Not only is the phase shifter relatively short with respect to the guide wave length of the waveguide it has also been found that if the angles ⊖.sub.1 and ⊖.sub.2 are much less than 17 degrees, the dielectric plate 174 increased in length. In addition, it was also found that if the angles ⊖.sub.1 and ⊖.sub.2 became much larger than 17 degrees, such as greater than 25 phase shifter was degraded and caused various reflection problems and interactions of microwaves with the phase shifter itself. Due to cancellation effects and actual interactions it was found that the present length of 5.89 inches achieved the desired result. This is still less than 70 percent of a guide wave length of approximately 9 inches in the present invention.
As previously described, the location of the adjusting hole 186 has been placed forward of and below the center of axis 188. In the present embodiment, the adjusting hole 186 has been placed a distance d of 2.52 inches from the front of the dielectric plate 174 to the center of the adjusting hole 186. The adjusting hole 186 has been placed a distance e of approximately 0.25 inches from the proximate edge 176. Other locations of the adjusting hole 186 are possible, but it has been found that the present location of the adjusting hole 186 not only provides for good anti-rotation of the overall device but also provides for accurate placement of the dielectric plate 174 across the inside bottom surface of the bottom wall 166 of the waveguide portion 104.
Consequently, there has been described a practical and unique phase shifter having a compact shape. It has been found that the described phase shifter having a one-quarter inch teflon dielectric plate or one-eighth inch polystyrene dielectric plate yields a voltage standing wave ratio of 1.1. It has also been found that the phase shifter insertion loss in db is approximately zero for a frequency of 2450 to 2470 range of megahertz.

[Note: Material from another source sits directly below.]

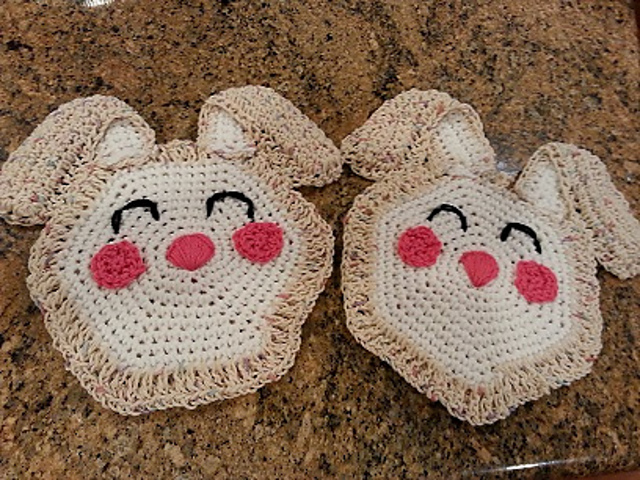 Easter Bunny hot pad potholder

Even at 2430 megahertz the insertion loss is a mere 0.5 db. It has also been found that with virgin paper the power absorbed by the virgin paper can be changed by as much as 200 watts depending on the location of the current phase shifter. The power absorbed by ink on paper can be changed approximately 150 to 250 watts depending on the location of the current phase shifter.
In recapitulation, it is evident that a microwave drying apparatus having the features of the present invention incorporated herein is capable of controlling paper deformation caused by printing with liquid inks. The application of microwave energy to such an ink-laden substrate effectively prevents the formation of cockle and other paper deforming conditions. The microwave dryer of the present invention is fine tuned with a positionable phase shifter for optimizing the resonating traveling wave microwave system.
It is, therefore, apparent that there has been provided in accordance with the present invention, an apparatus for fine tuning a microwave applicator that fully satisfies the aims and advantages hereinbefore set forth. While this invention has been described in conjunction with a specific embodiment thereof, it is evident that many alternatives, modifications, and variations will be apparent to those skilled in the art. Accordingly, it is intended to embrace all such alternatives, modifications and variations that fall within the spirit and broad scope of the appended claims.